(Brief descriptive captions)
_ _ _ _

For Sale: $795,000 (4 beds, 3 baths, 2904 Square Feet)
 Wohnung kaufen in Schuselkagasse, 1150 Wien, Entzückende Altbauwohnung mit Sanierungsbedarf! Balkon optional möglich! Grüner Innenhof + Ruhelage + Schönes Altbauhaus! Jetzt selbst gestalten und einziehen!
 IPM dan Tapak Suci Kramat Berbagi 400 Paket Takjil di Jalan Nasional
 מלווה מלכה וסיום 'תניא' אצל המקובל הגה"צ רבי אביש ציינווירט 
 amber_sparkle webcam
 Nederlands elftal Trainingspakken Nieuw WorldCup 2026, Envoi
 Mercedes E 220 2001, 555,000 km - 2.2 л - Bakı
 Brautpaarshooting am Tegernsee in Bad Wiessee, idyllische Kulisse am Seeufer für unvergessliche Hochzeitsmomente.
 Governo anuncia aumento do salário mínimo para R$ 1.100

_ _ _ _

__Directions__: Please write out, exactly as they appear, only the lines from the one holding "מלווה מלכה וסיום" through the end of the data.

__Exercise result__:
 מלווה מלכה וסיום 'תניא' אצל המקובל הגה"צ רבי אביש ציינווירט 
 amber_sparkle webcam
 Nederlands elftal Trainingspakken Nieuw WorldCup 2026, Envoi
 Mercedes E 220 2001, 555,000 km - 2.2 л - Bakı
 Brautpaarshooting am Tegernsee in Bad Wiessee, idyllische Kulisse am Seeufer für unvergessliche Hochzeitsmomente.
 Governo anuncia aumento do salário mínimo para R$ 1.100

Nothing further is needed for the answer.